Prior to the settlement of the Grant portion of the case, the parties filed cross-motions for summary judgment, arguing respectively that the indemnity clause in the subcontract entitled each to judgment as a matter of law. Among other disputes, the parties disagreed on whether the typewritten or handwritten indemnity clause controlled. The arguments made by the parties in those motions were essentially the same as those made in support of this motion. On May 13, 1994, Judge Neel denied the cross-motions [2 Mass. L. Rptr. No. 9, 163 (July 4, 1994)]. Judge Neel found that two separate factual disputes precluded summary judgment. First, there was a dispute as to whether the handwritten clause was intended to replace the typewritten clause. Second, the judge found that there was a dispute as to the interpretation of the handwritten clause. Judge Neel opined that the handwritten clause, as written, appeared to violate G.L.c. 149, §29C (“§29C”). Specifically, Judge Neel noted that the absence of the language “arising out of the performance of the contract by Armor,” left open the possibility that Armor would be required to indemnify for an injury or damage which it in no way caused. Such an obligation runs afoul of §29C. Both parties filed motions for reconsideration, which were summarily denied by Judge Neel without a written opinion.

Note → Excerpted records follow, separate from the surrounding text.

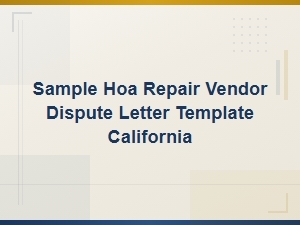 California Hoa Repair Vendor Dispute Letter Template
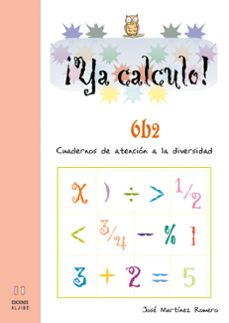 ¡ya calculo¡ 6b2 (2º educacion primaria) multiplicaciones hasta e l 9-9788497004367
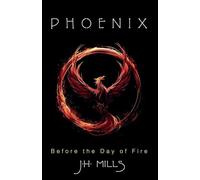 Phoenix - Before the Day of Fire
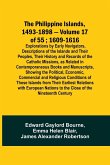 The Philippine Islands, 1493-1898 - Volume 17 of 55 ; 1609-1616 ; Explorations by Early Navigators, Descriptions of the Islands and Their Peoples, Their History and Records of the Catholic Missions, as Related in Contemporaneous Books and Manuscripts, Sho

*313At the final pretrial conference for this case, the parties and the Court agreed that the issues identified by Judge Neel could be decided by the Court as a matter of law.

DISCUSSION

This is a dispute over contract interpretation. The plaintiffs contend that the handwritten clause was intended to be, at the most, an addition to the typewritten indemnity language in the contract. When read as a whole, the indemnity provision passes muster under §29C. Furthermore, the indemnity provision was triggered by the accident in this case. Defendant counters that the handwritten clause was designed to replace the typewritten provision. Standing alone, the handwritten clause, as suggested by Judge Neel, violates §29C. Even if the clause is valid under §29C, summary judgment is not appropriate on the issue of whether the indemnity clause was triggered because there are disputes of material fact as to whether plaintiffs were solely responsible for Grant’s injuries.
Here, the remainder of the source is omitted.